Production drop in United States to 8.8 million barrels/day, close to 1.8 million per day production drop in Canada due to wildfire and outages in countries like Libya, Nigeria is fuelling the rise in oil prices. WTI is currently trading at $48.1/barrel, which is the highest level since October last year.

One of the top oil bear, Goldman Sachs has also revised its outlook on the upside, from famous $20/barrel call. According to the bank, Oil supply/demand have adjusted much faster than expected and market has moved to a deficit from very large surplus. Developed markets’ energy watchdog, International Energy Agency (IEA) has also issued similar statements.

However, we believe, oil bulls should not be too complacent and lower for longer is still the best case scenario. Here’s why –

  • Production drop in Canada and outages in countries like Libya, Nigeria likely to be short lived, except for Venezuela, which is suffering severe economic trouble.

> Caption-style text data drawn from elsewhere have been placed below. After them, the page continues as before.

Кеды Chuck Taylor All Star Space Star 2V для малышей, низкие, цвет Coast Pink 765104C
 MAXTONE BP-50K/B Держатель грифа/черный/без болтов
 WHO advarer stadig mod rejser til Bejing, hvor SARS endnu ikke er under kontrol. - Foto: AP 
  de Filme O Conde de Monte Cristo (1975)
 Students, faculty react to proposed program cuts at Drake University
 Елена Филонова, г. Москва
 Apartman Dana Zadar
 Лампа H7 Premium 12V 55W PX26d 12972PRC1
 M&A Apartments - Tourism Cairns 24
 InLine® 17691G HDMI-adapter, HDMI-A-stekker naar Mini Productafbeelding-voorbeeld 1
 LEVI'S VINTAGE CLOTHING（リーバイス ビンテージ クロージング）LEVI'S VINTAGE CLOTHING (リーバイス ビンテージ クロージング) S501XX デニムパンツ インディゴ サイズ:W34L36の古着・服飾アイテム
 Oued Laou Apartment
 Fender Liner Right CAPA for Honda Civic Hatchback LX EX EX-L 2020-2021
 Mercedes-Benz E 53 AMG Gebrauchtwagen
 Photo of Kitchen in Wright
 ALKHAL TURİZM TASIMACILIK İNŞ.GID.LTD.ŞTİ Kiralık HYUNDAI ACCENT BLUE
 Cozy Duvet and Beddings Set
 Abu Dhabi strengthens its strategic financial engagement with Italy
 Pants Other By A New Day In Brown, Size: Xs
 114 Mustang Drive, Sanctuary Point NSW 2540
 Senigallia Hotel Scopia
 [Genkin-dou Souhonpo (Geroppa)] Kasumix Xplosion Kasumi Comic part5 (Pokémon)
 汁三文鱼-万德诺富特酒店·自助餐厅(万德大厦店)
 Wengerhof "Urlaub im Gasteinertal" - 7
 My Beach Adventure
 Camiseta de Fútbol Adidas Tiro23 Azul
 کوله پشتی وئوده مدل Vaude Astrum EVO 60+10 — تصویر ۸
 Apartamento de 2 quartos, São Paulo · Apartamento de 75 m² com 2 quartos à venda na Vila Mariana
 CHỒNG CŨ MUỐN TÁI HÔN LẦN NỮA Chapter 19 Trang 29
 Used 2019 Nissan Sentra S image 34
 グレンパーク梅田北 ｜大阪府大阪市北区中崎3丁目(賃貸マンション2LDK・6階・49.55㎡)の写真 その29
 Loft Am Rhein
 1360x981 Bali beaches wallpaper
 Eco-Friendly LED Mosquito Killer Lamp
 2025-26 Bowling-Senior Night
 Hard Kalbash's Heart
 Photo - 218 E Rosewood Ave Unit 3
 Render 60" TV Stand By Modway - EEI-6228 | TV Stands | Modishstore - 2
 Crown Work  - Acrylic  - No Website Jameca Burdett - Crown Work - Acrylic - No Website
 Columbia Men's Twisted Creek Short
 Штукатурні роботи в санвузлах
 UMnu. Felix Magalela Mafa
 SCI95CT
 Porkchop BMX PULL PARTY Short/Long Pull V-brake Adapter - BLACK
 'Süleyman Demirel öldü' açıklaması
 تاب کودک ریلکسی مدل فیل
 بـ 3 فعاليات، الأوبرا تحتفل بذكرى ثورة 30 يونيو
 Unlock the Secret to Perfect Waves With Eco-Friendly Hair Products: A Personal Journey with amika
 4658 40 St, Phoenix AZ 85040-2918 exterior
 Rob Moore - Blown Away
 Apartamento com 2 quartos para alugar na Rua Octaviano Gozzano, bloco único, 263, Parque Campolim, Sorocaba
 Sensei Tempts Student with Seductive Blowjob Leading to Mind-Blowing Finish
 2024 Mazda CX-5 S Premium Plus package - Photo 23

Once these outages are over, supplies will once again rule the fundamentals.
  • Global energy supplies are at multi-decade highs, which should prevent any major oil shocks and keep check on prices.
  • High cost shale producers are excellent swing players and can increase supplies within weeks and that should keep a check on prices.
  • Moreover, other nations are likely to foray into shale space, which would put additional pressures on oil.
  • Dollar rally has hit hurdle but it’s not over, neither is FED reserve’s rate hikes.


However, current push may extend further and to as high as $70/barrel area but beyond that may not happen for years.

WTI is currently trading at $48.1/barrel and Brent at 80 cents premium.